### The task
Could you restate word for word every line from the one containing "출처: 네이버페이 증권" to the end of the data below, pictures excluded?

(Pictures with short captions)
===

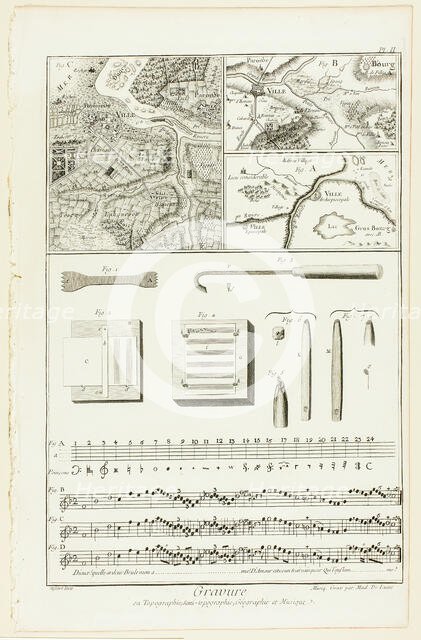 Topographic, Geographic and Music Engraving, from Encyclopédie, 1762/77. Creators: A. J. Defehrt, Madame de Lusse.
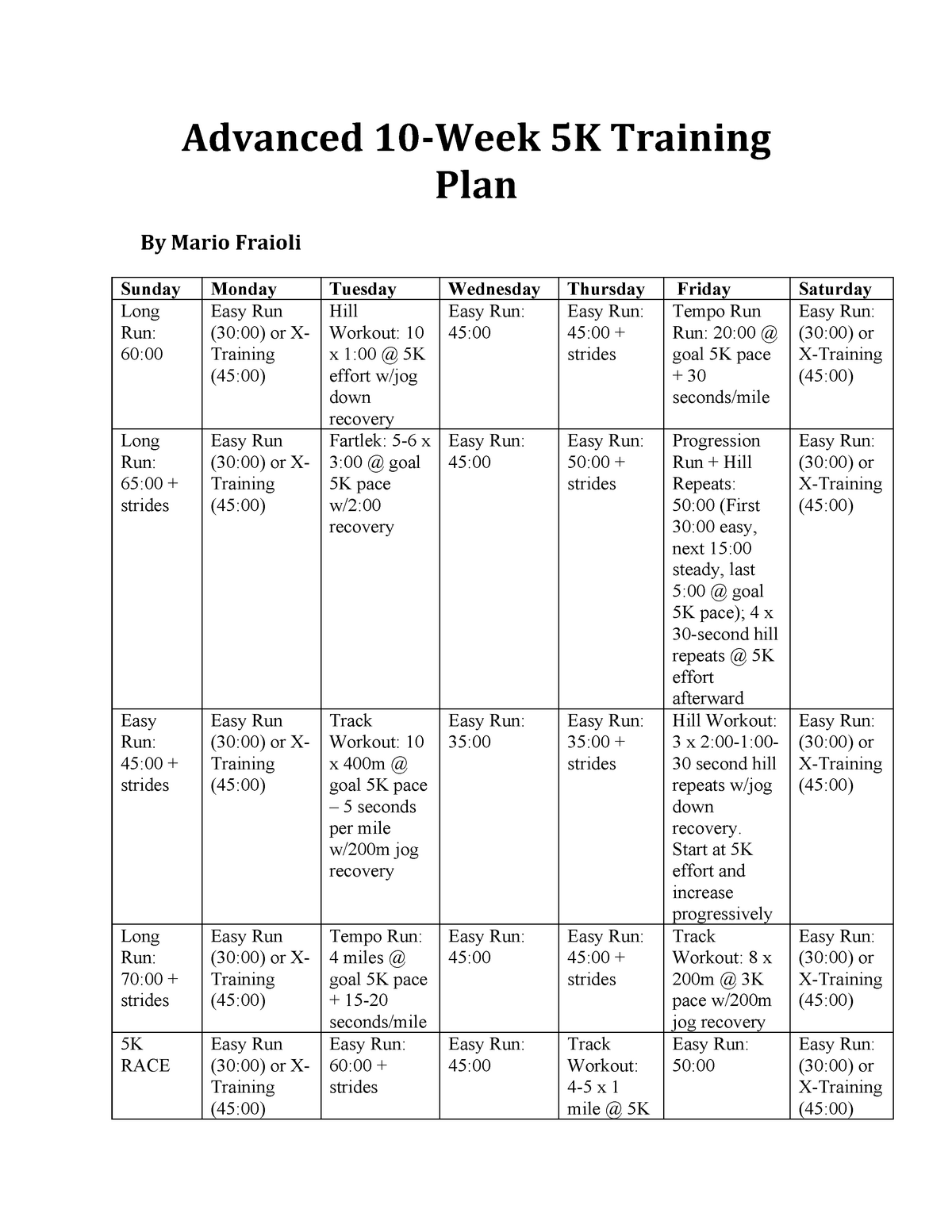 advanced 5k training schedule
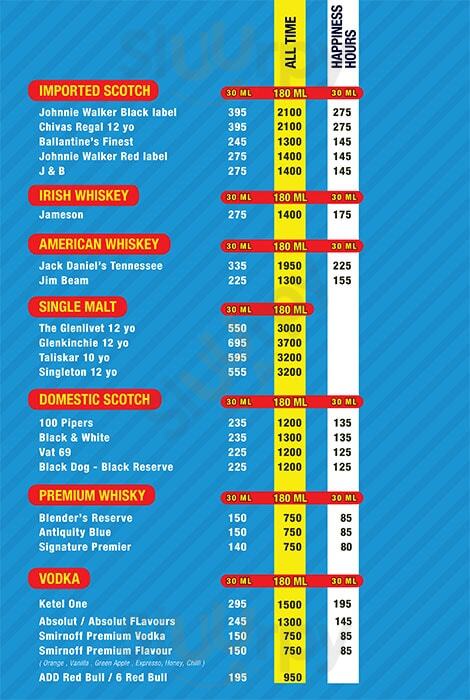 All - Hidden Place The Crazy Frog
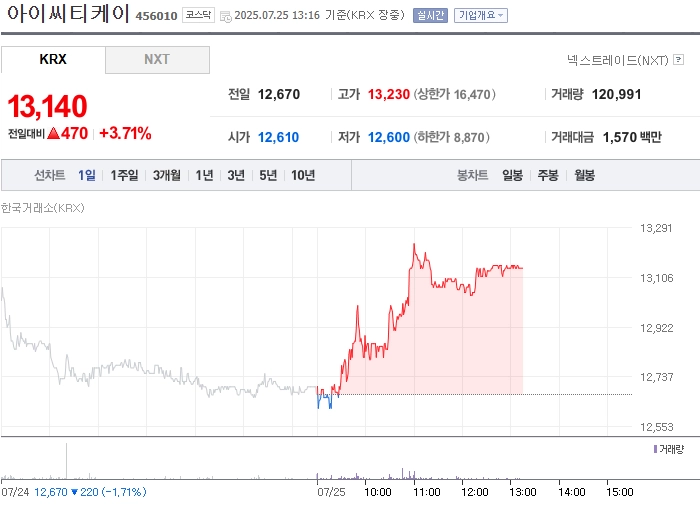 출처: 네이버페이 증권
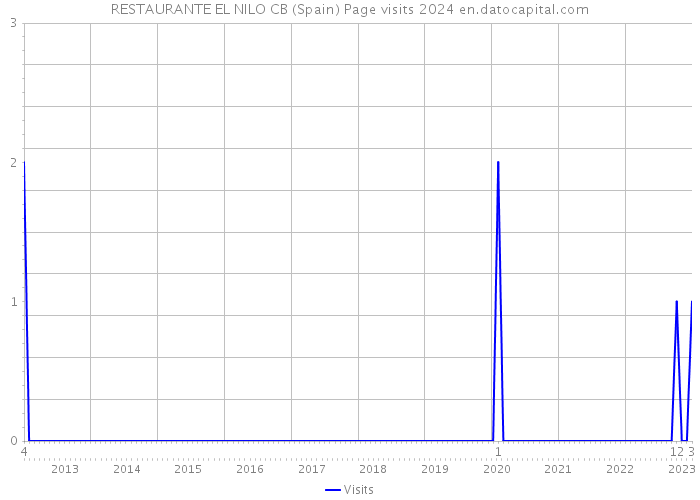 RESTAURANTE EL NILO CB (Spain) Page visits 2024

===

### Reply
 출처: 네이버페이 증권
 RESTAURANTE EL NILO CB (Spain) Page visits 2024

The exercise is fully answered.